On August 17, the US Department of Commerce announced further restrictions on the latter and its non-US affiliates on the entity list to items produced domestically and abroad from US technology and software.
“In our view, this latest development prevents Huawei from relying on third-party chip designers for its handsets, and could significantly curtail Huawei smartphone production internationally,” says the team in a report dated August 19.
Following the restrictions, the team believes it opens the door for Chinese original equipment manufacturers (OEMs) like Xiaomi to gain market share.
“[We] believe there is reasonable precedence for this. In our view, Xiaomi has been a notable beneficiary of Huawei’s loss of access to Google Mobile Services last year. Looking at Europe, Xiaomi saw its smartphone shipment market share rising from 6% in 1Q19 to 17% in 2Q20, while Huawei’s share dropped from 26% to 15% in that same time frame, according to data from Strategy Analytics,” it says.
“Thus, this gives us optimism that Xiaomi will be able to likewise increase share in China, as it currently only commands 9.3% of smartphone shipments in China in 2Q20, vs. 40.2% by Huawei,” it adds.

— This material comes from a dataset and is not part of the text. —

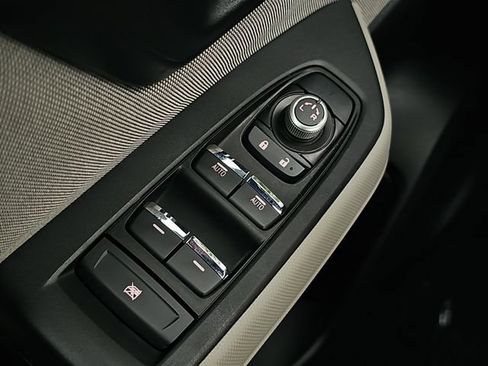 Certified 2026 Subaru Forester Premium AWD/4WD image 13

The latest restrictions against Huawei is also important to Xiaomi as China is its most profitable smartphone market due to opportunities for internet service monetization.
According to the China Academy of Information and Communication Technology (CAICT), 5G in China is on the rise, reaching 65.4% of total smartphones in July, 2.2 percentage points above the 63.2% registered in June.

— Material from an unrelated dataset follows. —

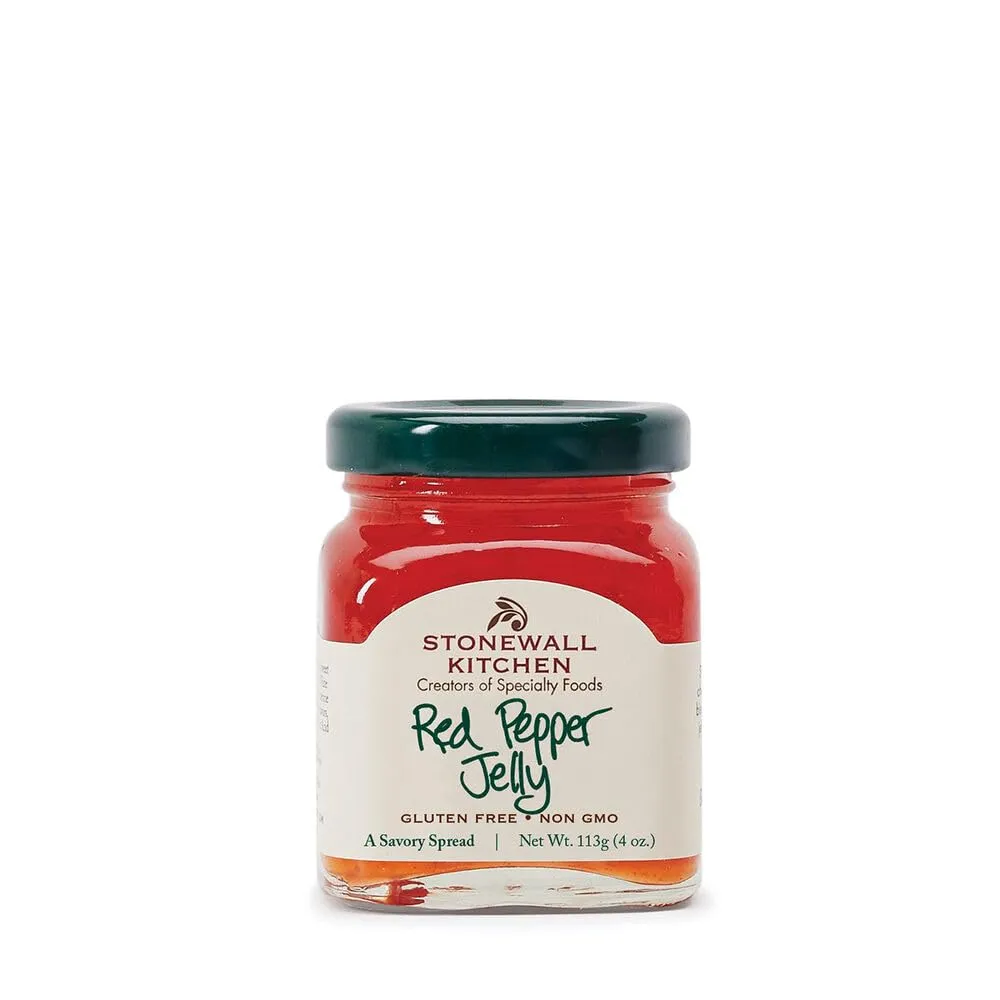 Stonewall Kitchen Winter Sampler Collection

“We expect Xiaomi to be able to enjoy meaningful share increase from 2021 onwards, after Huawei depletes its strategic inventory,” says the team.

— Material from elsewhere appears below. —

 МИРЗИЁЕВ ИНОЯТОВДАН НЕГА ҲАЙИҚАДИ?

“We continue to believe that higher 5G smartphone penetration should be positive for average selling prices (ASPs), and Xiaomi’s recent launch of its premium M10 at RMB 5,299 ($1,048.11) seems to suggest just that.”
On August 14, the Hang Seng Indexes Company says Xiaomi will be joining both the HSI and HSCEI indices from September 7 onwards.
“This development, together with what we believe to be Xiaomi’s scarcity value in exposure to increasing share in the Chinese smartphone market, results in us increasing our target P/E multiple from 21x to 26x (higher end of Xiaomi’s historical trading spectrum),” adds the team.
As at 4.27pm, shares in Xiaomi Corp were trading 2 HK cents lower, or 0.11% down, at HK$18.16 on the HKEX.